[Collected data]
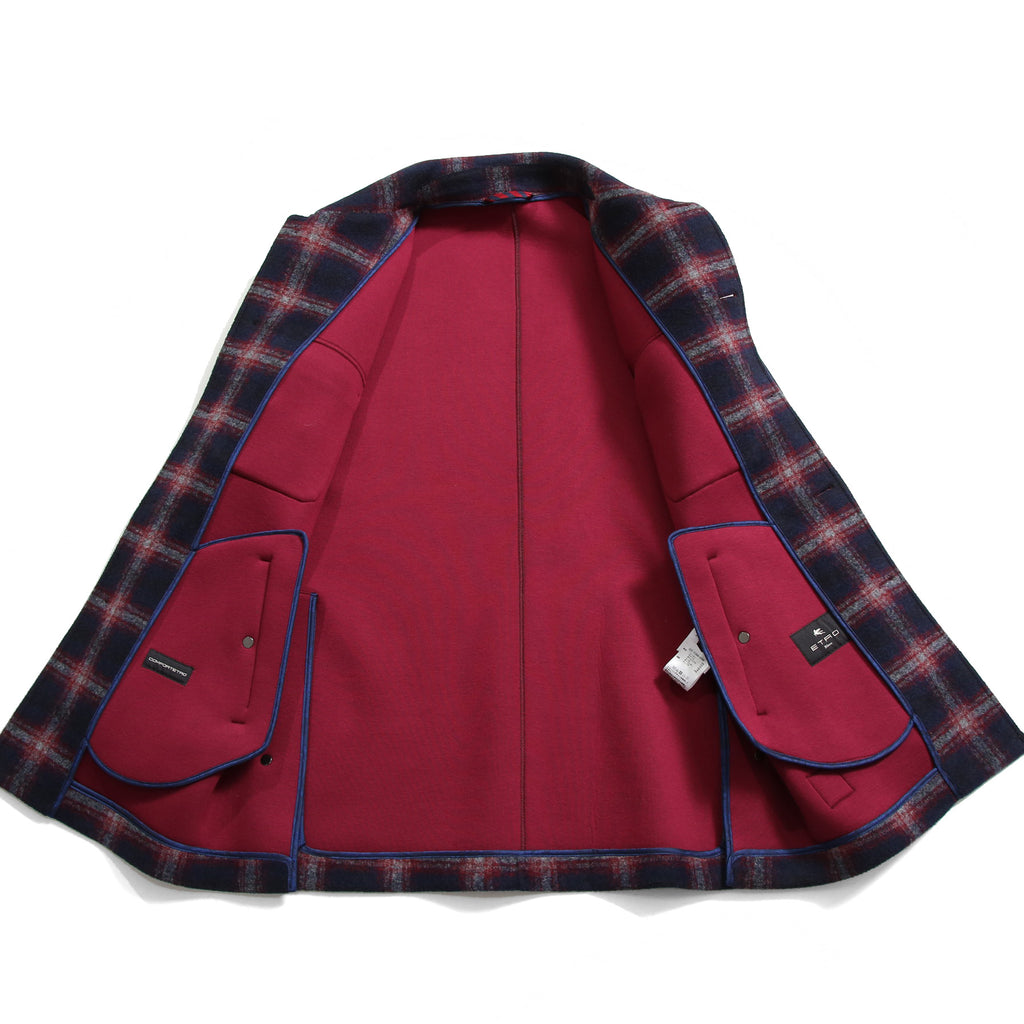 ETRO エトロ / 22AW チェック柄 ラシャ ウール混紡 コート / size 48 (マルチカラー)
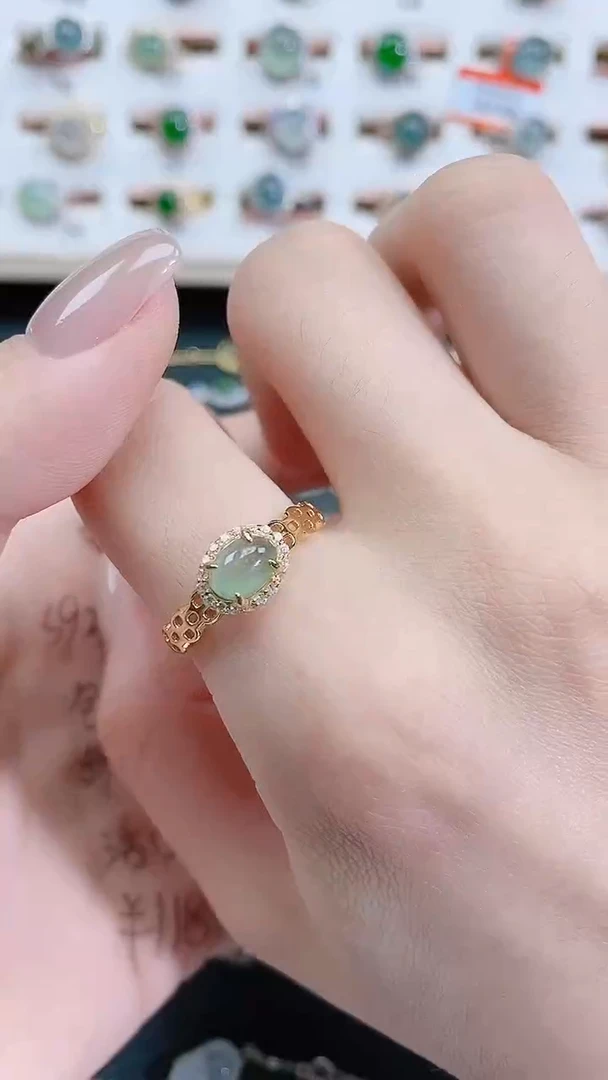 银S925镶嵌戒指翡翠天然翡翠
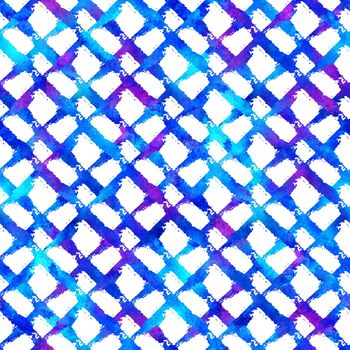 Brush Stroke Plaid Geometric Grung Pattern Seamless in Blue Color Check Background. Gunge Collage Watercolor Texture for Teen and School Kids Fabric Prints Grange Design with lines.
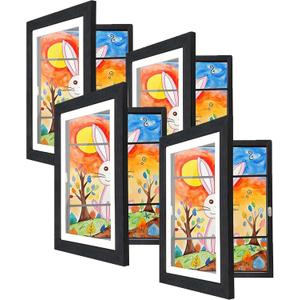 [4-Pack] Kids Artwork Frames Changeable, 11.8 x 8.3-IN Frames for Kids Artwork, Front Opening Picture Frames, Home Decor, Up to 150 Pcs of Kids Art Frame, Craft Storage, Hanging Wall Decor, for 3D Pictures, Crafts, Children Drawing, Hanging Art, Portfolio, White
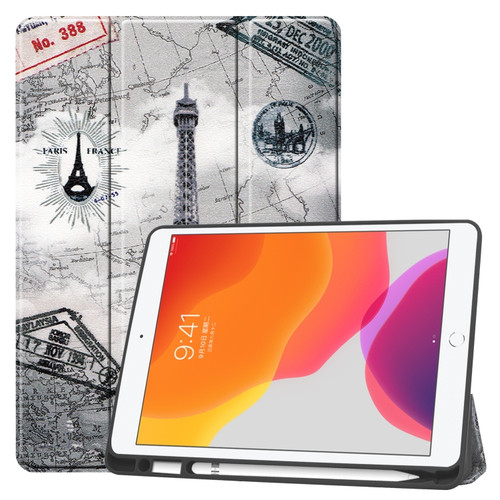 iPad 10.2 2021 / 2020 / 2019 TPU Colored Drawing Horizontal Flip Leather Case with Three-folding Holder & Sleep / Wake-up Function - Eiffel Tower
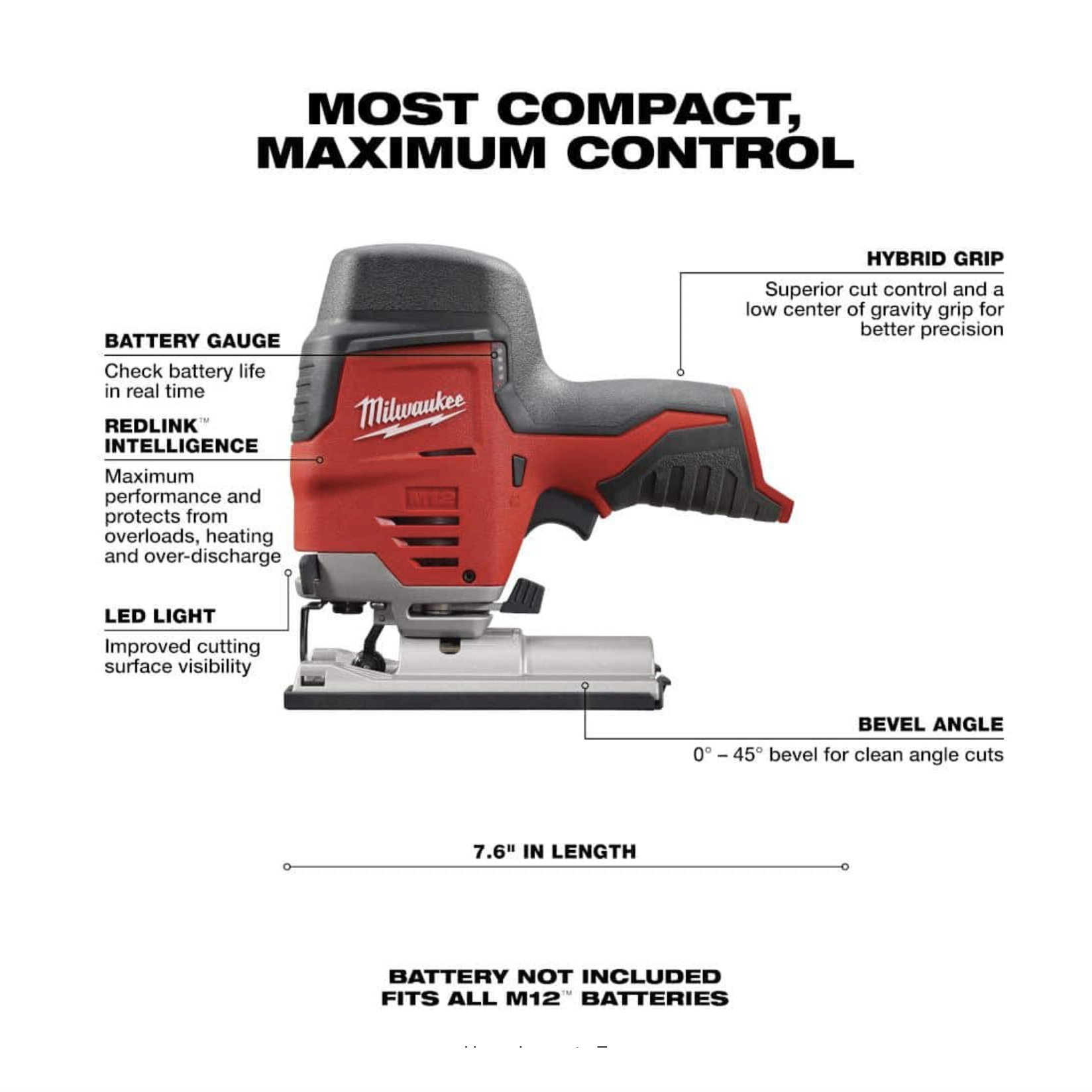 Milwaukee M12 12V Lithium-Ion Cordless Jig Saw (Tool-Only)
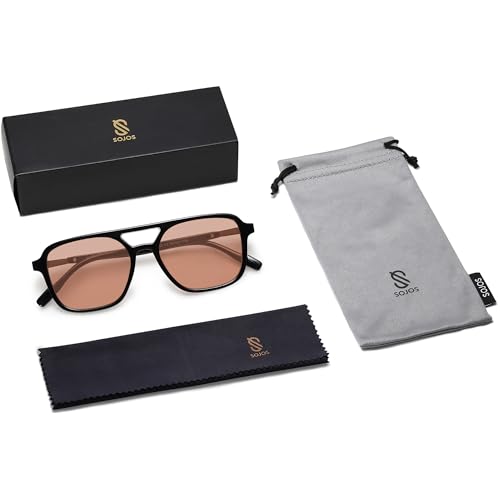 Image of SOJOS Retro Aviator Sunglasses for Women Men,Trendy Rectangle Womens Mens Shades Sun Glasses SJ2202
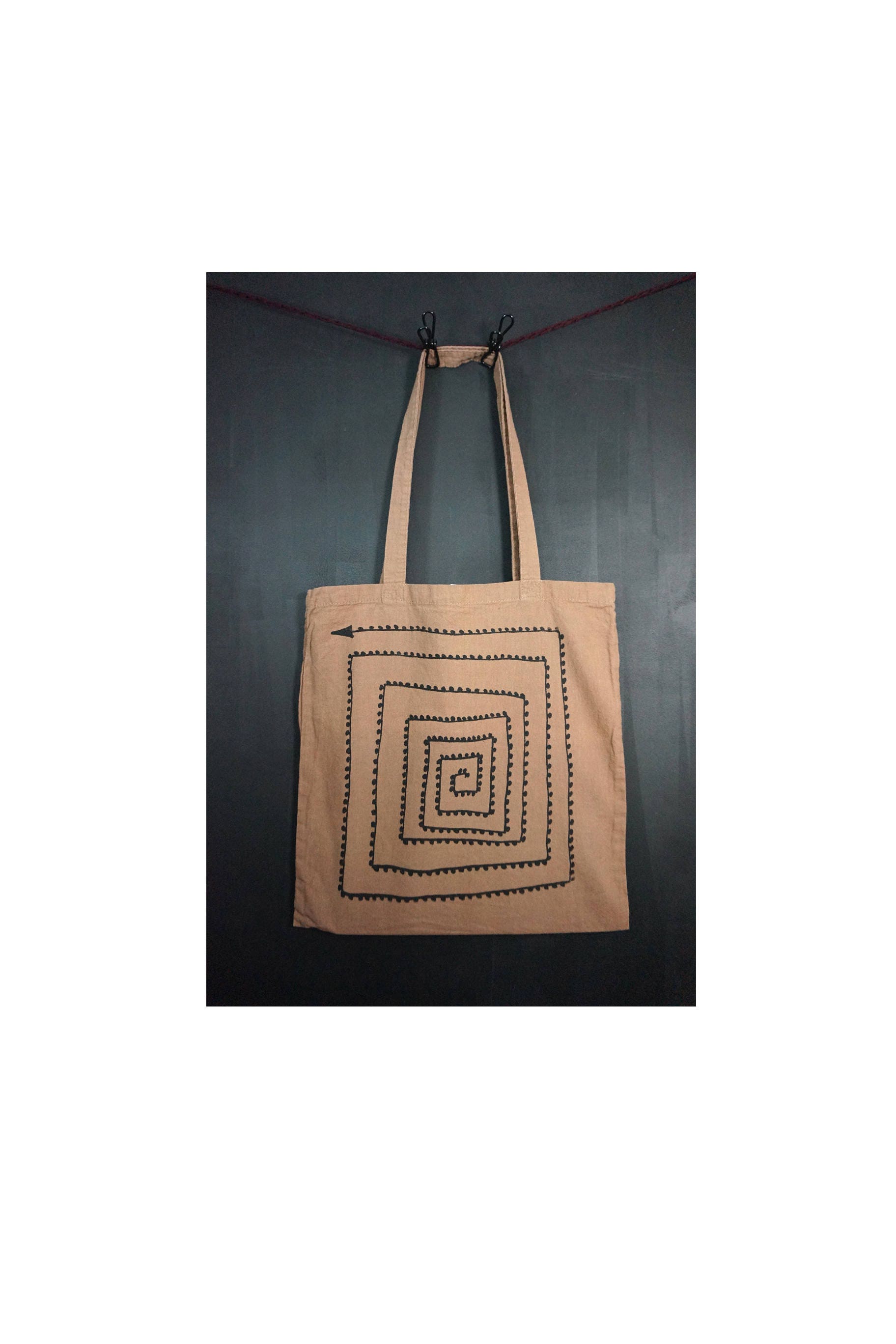 Siebdruck Baumwolltasche, Handbedruckt Handgezeichnet, Braun, Lustig, Wiederverwendbar, Elfe Waldfee, Schultertasche, Jutebeutel, Yogatasche von KamaCrafts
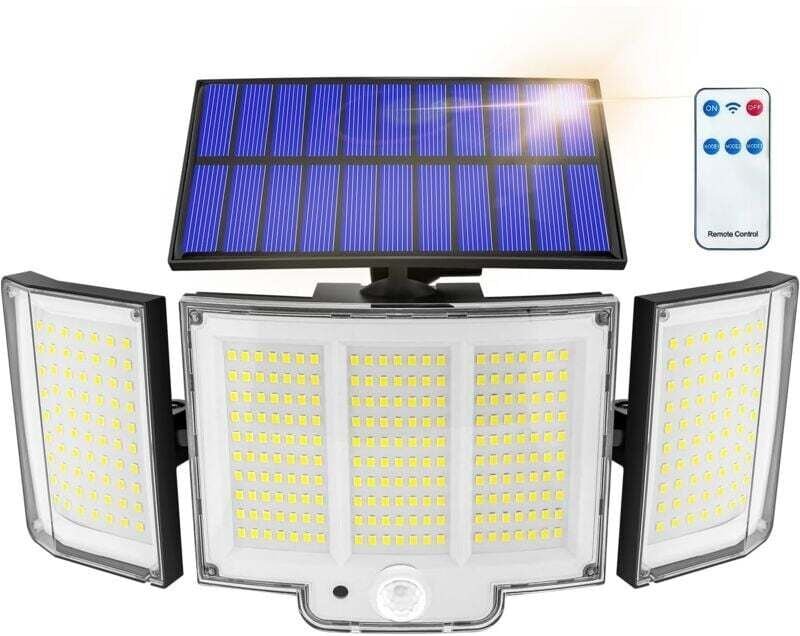YMYNY 1 Einheit 1500lm IP65 Sensor 270° 3 Modi Solarleuchte für den Außenbereich Leistungsstarke Solarlampe für den Auße...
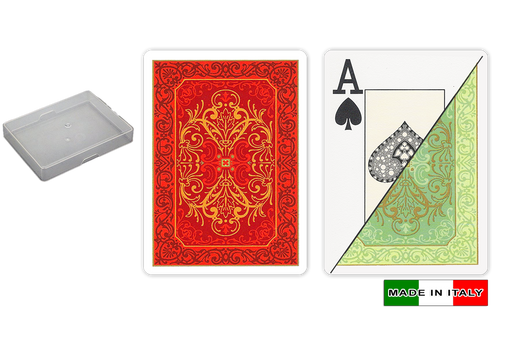 Persiano 100% plastic playing cards by DA VINCI - 2 decks poker size large index in clear case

Task description — Exactly restate the lines from the one holding "Milwaukee M12 12V" to the final line of the records above, including both and excluding pictures.

Exercise result —
 Milwaukee M12 12V Lithium-Ion Cordless Jig Saw (Tool-Only)
 Image of SOJOS Retro Aviator Sunglasses for Women Men,Trendy Rectangle Womens Mens Shades Sun Glasses SJ2202
 Siebdruck Baumwolltasche, Handbedruckt Handgezeichnet, Braun, Lustig, Wiederverwendbar, Elfe Waldfee, Schultertasche, Jutebeutel, Yogatasche von KamaCrafts
YMYNY 1 Einheit 1500lm IP65 Sensor 270° 3 Modi Solarleuchte für den Außenbereich Leistungsstarke Solarlampe für den Auße...
 Persiano 100% plastic playing cards by DA VINCI - 2 decks poker size large index in clear case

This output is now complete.